Writers – Don’t Start at the Start…
Chapter 25 of Lawrence Block’s Telling Lies for Fun and Profit (which should be on EVERY writer’s bookshelf) is titled, ‘First Things Second.’ As he succinctly summarizes (nice but unneeded alliteration there), “Don’t begin at the beginning.”
It’s a popular screenwriting maxim to enter the scene as late as you can. In other words, don’t begin at the beginning. I seem to recall William Goldman espousing this.
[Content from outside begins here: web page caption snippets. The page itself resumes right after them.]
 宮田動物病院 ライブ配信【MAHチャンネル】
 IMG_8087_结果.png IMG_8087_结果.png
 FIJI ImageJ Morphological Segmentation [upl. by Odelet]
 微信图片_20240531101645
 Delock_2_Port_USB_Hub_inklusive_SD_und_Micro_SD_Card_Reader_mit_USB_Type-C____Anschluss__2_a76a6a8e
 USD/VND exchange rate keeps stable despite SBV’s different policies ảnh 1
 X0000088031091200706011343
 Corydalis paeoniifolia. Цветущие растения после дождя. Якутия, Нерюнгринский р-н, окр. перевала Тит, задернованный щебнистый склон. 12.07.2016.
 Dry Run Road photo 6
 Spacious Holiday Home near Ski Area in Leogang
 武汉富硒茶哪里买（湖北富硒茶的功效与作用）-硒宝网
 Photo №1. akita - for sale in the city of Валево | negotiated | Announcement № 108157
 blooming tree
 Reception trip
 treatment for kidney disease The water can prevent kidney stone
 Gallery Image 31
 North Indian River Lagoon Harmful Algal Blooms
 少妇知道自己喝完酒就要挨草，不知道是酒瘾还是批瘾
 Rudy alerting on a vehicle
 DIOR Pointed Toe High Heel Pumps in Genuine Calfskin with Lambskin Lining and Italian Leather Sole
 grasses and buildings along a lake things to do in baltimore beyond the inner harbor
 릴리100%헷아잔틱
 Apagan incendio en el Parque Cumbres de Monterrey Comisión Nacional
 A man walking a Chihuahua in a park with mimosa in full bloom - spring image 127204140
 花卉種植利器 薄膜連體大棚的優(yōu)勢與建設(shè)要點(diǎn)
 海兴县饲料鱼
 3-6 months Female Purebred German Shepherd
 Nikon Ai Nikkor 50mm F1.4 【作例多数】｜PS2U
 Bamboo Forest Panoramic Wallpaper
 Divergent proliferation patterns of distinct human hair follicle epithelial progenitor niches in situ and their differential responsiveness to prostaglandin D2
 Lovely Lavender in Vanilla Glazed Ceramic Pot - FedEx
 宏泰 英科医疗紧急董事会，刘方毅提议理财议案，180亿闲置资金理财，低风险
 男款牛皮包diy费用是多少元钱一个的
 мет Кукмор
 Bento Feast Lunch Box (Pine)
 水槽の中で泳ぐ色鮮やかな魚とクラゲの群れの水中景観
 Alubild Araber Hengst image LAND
Block tells of being advised to switch the first two chapters of a detective novel he had written. Basically, this put the reader in the thick of the action from the outset, with some explanation following. Tension can be created at the outset and carried forward by not beginning at the beginning.
Sitting here at the keyboard, I can’t think offhand of a Sherlock Holmes or Solar Pons story that uses this technique. There’s a reason we’ve all got the image of Holmes and Watson sitting in their rooms at 221B Baker Street when a client or Inspector Lestrade comes to visit and we’re off on a case.
As I read this chapter, I thought of Will Thomas’s Barker and Llewlyn books (love them, but what’s with the two “L”s at the beginning of that name?). Barker has more than a passing resemblance to Sherlock Holmes (I suspect that Robert Downey Jr’s portrayal owes a debt to these books) and Llewellyn is his Watson (or Boswell). Mind you, they are excellent books and not simply Holmes copies.
I went over to the shelves and pulled out To Kingdom Come, the second book. And there it was. You want to grab your reader’s attention?
I was falling through an indigo sky. I remember the wind whistling in my ears and my coat flapping about my knees as I plummeted. My head hurt, and as I gazed up into the remote, star-studded vault of the heavens, I was having a little trouble piecing together exactly how I had gotten there. I felt as if I’d suddenly fallen off the edge of the earth and would hurtle forever, but the logical portion of my mind told me that all this falling must ultimately end. Unless Parliament had suddenly repealed Newton’s law of gravity, I was eventually going to strike something, and it wasn’t going to be pleasant.
Thomas cleverly has Llewellyn figure out that the bridge above him indicates water must be below and he’s headed for it. He finishes the intro with, “In effect, before I died, I wanted to solve my own murder.” This scene, which wraps up on page 3, resumes on page 248. BOOM!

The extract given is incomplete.